よはくのてちょう

手帖の余白に書くようなことを

「風神秘抄」萩原規子

源氏の一党として戦った草十郎は一種の超能力者で、鳥の王さまカラスの鳥彦王と会話できその修行につきあい、異界との扉を開くことができる舞姫糸世と出会い笛の力で世の運命を変えるが…。
特別な力を持つ笛と舞の少年少女の恋が成就するのか悲恋に終わるのかあやふやなのでハラハラさせられる。
なかなかに魅力的なキャラクタたちが使い捨てられるように登場しては次々に消えていくのは草十郎が移動している者であり鳥であり風の眷属だからだ。

★4つでもいいのだけど、コレといったところがないので、とりあえず3つ。

(2005年12月20日読了)


「風神秘抄」に関する簡単なリストを下に

青墓
墓なんて文字がくっついているわりにはにぎやかな宿場町。
朝霧姫
鳥彦王の三人の許嫁の一人。祭司の家系。ちょっと高慢。
足立四郎遠元
草十郎の腹違いの兄。義平の部下。
あとり
青墓の長者のかたわらにいる双子の少女のひとり。もうひとりはまひわ。
糸世=いとせ
白拍子の少女。舞の天才であの世?への扉を開くことができるらしい。気が強い。その笑顔はあらゆる男を虜にする。竹やぶで拾われたとかでかぐや姫っぽい。
大炊さま
青墓の長者とも呼ばれる。京の芸能の元締め。糸世がいたいけで無邪気で遠慮深く見えるほどとんでもない女性。
おばば
カラスの宰相の君。祭司。鳥彦王もなかなか頭が上がらない。
カラス
鳥の王である鳥彦王の血筋はカラスらしい。その情報網は全国にわたりしかもとても密なようだ。
吉左
山の湯治場を管理する猟師。
傀儡子
流浪の民。

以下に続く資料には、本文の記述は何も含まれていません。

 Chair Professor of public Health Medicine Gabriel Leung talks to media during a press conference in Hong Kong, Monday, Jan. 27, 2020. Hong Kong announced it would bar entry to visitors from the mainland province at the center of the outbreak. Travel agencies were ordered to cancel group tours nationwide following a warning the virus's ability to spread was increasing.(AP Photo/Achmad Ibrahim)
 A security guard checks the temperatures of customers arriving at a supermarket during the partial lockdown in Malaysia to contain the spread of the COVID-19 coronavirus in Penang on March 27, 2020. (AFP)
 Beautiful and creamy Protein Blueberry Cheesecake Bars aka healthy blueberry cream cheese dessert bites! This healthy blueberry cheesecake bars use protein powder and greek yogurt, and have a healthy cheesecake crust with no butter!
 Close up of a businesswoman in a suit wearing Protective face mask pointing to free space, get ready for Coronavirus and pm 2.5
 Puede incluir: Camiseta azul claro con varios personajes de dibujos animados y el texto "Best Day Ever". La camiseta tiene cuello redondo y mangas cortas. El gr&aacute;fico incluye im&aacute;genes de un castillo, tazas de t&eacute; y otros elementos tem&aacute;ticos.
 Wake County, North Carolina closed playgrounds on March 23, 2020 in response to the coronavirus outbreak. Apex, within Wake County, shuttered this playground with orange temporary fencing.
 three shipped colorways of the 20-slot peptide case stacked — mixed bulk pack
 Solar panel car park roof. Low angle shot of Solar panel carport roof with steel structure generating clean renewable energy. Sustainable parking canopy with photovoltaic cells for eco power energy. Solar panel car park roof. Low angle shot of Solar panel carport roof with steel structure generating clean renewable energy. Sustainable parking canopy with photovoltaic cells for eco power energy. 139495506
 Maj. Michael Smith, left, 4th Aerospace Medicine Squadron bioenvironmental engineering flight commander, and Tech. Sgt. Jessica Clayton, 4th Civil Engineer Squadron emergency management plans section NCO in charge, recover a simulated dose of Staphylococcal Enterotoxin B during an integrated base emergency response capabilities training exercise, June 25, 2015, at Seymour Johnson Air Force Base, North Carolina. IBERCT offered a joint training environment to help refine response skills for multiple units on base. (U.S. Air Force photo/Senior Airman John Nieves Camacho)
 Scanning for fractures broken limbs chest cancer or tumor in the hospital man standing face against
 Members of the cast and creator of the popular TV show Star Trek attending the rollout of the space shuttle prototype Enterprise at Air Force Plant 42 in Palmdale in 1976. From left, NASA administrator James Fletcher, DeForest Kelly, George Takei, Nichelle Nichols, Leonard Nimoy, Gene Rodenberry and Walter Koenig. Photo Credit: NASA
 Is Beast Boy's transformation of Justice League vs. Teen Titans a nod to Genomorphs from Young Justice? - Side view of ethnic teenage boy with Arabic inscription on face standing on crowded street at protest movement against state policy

芸能で世間とつながったり特殊な体術でスパイのようなまねもするが本来なにものにも従属せず空と土を友として生きる。
検非違使
怖い警察機構。今で言うなら公安ってとこかな。
源兵庫頭頼政
平家に寝返った男。
幸徳
奇妙な体術を使う傀儡子。かなり強い。お堅い感じ。こういうタイプはだいたい後に味方になりそうな気がする。
佐吉
竹売りの行商人。人買いのようなこともしており糸世を青墓へ連れていった人物でもある。
さみどり姫
鳥彦王の三人の許嫁の一人。けもの使い。はっきりした性格。
上皇
現在の上皇は芸能ぐるいで両刀づかいで変わり者と評判。
正蔵
落ち武者狩りをしていた盗賊連中の頭目。草十郎を拾った。《おれはだれにも税を払わん。そこに生きている》(p.194)現実的なセリフでありながらなかなか深い意味もある。
末吉
富士の麓に住まう竹細工職人。糸世を竹やぶで拾い、育てた。
草十郎
たぶん本編の主人公。物語開始時点では15歳。板東武者。正式な名は足立十郎遠光。源義平の取り巻きの足立四郎遠元の腹違いの弟だが今は雑兵。細っちょい身体に似合わずかなり喧嘩が強い。天才的な笛の奏者で吹くと鳥獣がやってくる。異界の扉すら開くらしい。《あなたさんには風がある。だから、笛を吹かれるのでしょう》(by佐吉p.436)
平清盛
平家のトップ。本編が始まった頃は日本の支配者になる直前ということだろうか。
平重盛
平家の軍の総大将といったところか。
登美
正蔵のところにいた初老の女。
鳥彦王
日本を統べる鳥の王様のようで人語を使えるカラス。もっとも誰にでも聞こえるわけではない。とりああえず今の鳥彦王と草十郎は十年前から縁があるらしく人間のことを学習するためにやってきた。草十郎のことを草十と呼ぶ。
日満
熊野の山伏。糸世についてあれこれ世話を焼いている。
彦次
末吉の子。やはり富士で竹職人をしている。
放浪の民
傀儡子や竹売りなどの行商人は放浪の民。定住するものとは考え方が違う。《風が歌うものに耳を傾け、風に住むものたちを信じて生きるのです》(by佐吉p.435)
真鶴
青墓の遊君。大炊さまんとこの女たちは鳥の名前がついているのかな。糸世以外。そういえば主人公はカラスと友だちだしどうやら鳥のイメージを他人に抱かせるようだし。この物語じたい鳥のイメージなのかな。題名も風だし。
まひわ
青墓の長者のかたわらにいる双子の少女のひとり。もうひとりはあとり。
万寿
左馬頭義朝の娘だと思われる。青墓にいる。和琴の名手。
源三郎頼朝
源氏の御曹司。後の頼朝でしょう。この物語が始まった時点では13歳の初陣。
源義平
単純で好戦的で鎌倉悪源太と呼ばれる生まれついてのカリスマ。源氏の御曹司。御曹司という言葉は今では義経のことなのでそれ以前の人物であるこの人がそう呼ばれていたかどうかはさだかではないのだけど。
源義朝
ふつうには「左馬頭義朝(さまのかみよしとも)」とか「頭殿」と呼ばれる。平家が天下を取る戦のときに負けた源氏の総大将。
桃照姫
鳥彦王の三人の許嫁の一人。ていねいな物腰で鳥彦王に言わせるとちょっと太めらしいのだが…。人間の暮らしになじんでいる家系。
弥助
正蔵のところにいる少年。草十郎になつく。そういうタイプは命が危ないのではないかと心配。